Nell’ormai remoto ottobre 2003, fu organizzata alla Flog di Firenze una serata “apocalittica”, intitolata “Una notte per la Diaz”, i cui incassi sarebbero andati a sostenere i processi. Promotori i due comitati “Verità e Giustizia” e “Piazza Carlo Giuliani”. Sul palco ci esibimmo io, Anna Meacci, Marco Cavallero, Riccardo Tesi, Cristina Donà, Marco Parente, gli Atem, La Casa del Vento… e i picchi della serata furono senz’altro due. Il primo quando entrò in scena Carlo Monni che, dopo aver detto gentilmente alla Meacci “cavati dai coglioni”, salutò il pubblico dicendo “amici no-globi, io che vengo dagli Champs de Bisens [per i non fiorentini “Campi Bisenzio”, ndr] sono sempre stato dei vostri, infatti i’ Coca-Cola mi fa cacare da quand’ero piccino”, e che dopo – per sottolineare la sua ostilità alla globalizzazione neoliberista e la sua fedeltà alle tradizioni locali – si lanciò in un’esecuzione indiavolata del suo cavallo di battaglia, “L’amore è come l’ellera” (qualcuno quella sera per quell’esibizione mugugnò un pochino, ma il Monni era così, era di tutti ma non tutti lo capivano… non era facile capire sempre quella spaventosa e geniale carica anarco-eversiva che quel gigante sapeva sprigionare). Il secondo picco fu la trionfale esibizione di Roberto “Freak” Antoni, che dopo aver sdraiato il pubblico di risate con un quarto d’ora delle supercazzole migliori del suo repertorio, si lanciò nell’esecuzione di un blues pazzesco, potentissimo, splendido, incredibile: “Albergo Diaz”, per l’appunto. E la Flog venne giù, letteralmente.
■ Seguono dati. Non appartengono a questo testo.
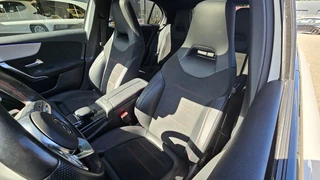 Mercedes-Benz A-Klasse Mercedes-Benz A-Klasse 180 Bns Solution AMG - afbeelding nr 10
Il fatto che proprio loro due, il Monni e Freak, oggi non ci siano più, rende ancora più commovente, intimo e intenso il ricordo. Il ricordo soprattutto di quello che successe dopo, dietro le quinte. Quando Freak venne da me, proprio da me, a farmi i complimenti per il mio monologo. E io felice, confuso e imbarazzato che ringraziai e gli feci a mia volta i complimenti, per tutto, per gli Skiantos, per ogni suo singolo spettacolo (“li ho visti tutti Freak” “puoi provarlo Riccardino?”), e soprattutto i complimenti per quel blues della madonna, “Albergo Diaz”.
“Tu pensi davvero che abbia funzionato, che sia andato bene?”, chiese sincero, senza ironia.
“Cazzo Freak… è meraviglioso, li hai stesi”.
A quel punto confessò: “Ero molto insicuro… sai… quel blues… l’ho scritto in macchina oggi pomeriggio venendo da Bologna… così… insomma… completamente improvvisato… pensavo fosse un fiasco… “.
E fu lì che il Monni si materializzò alle nostre spalle. “Chissà perché agli altri garbano sempre le cose che a noi ci fanno cacare… “, disse.
Già, perché?
Ne discutemmo a lungo, io e quei due mostri sacri, per buona parte del resto della notte, quasi fino a mattina, tra salsicce arrosto e birra ghiacciata. Non importa quello che ci dicemmo né la conclusione cui arrivammo sul perché al pubblico piacciono sempre le cose che a noi fanno cacare. Quei discorsi escono dalla memoria collettiva ed entrano nella mia memoria personale, che tengo volentieri e gelosamente per me.
Quel che importa è anche quella sera, soprattutto quella sera, si conservò e si restituì la memoria.
Quella memoria che oggi ha portato una lieve ventata di giustizia.
E chi non ha memoria, non potrà mai avere un futuro.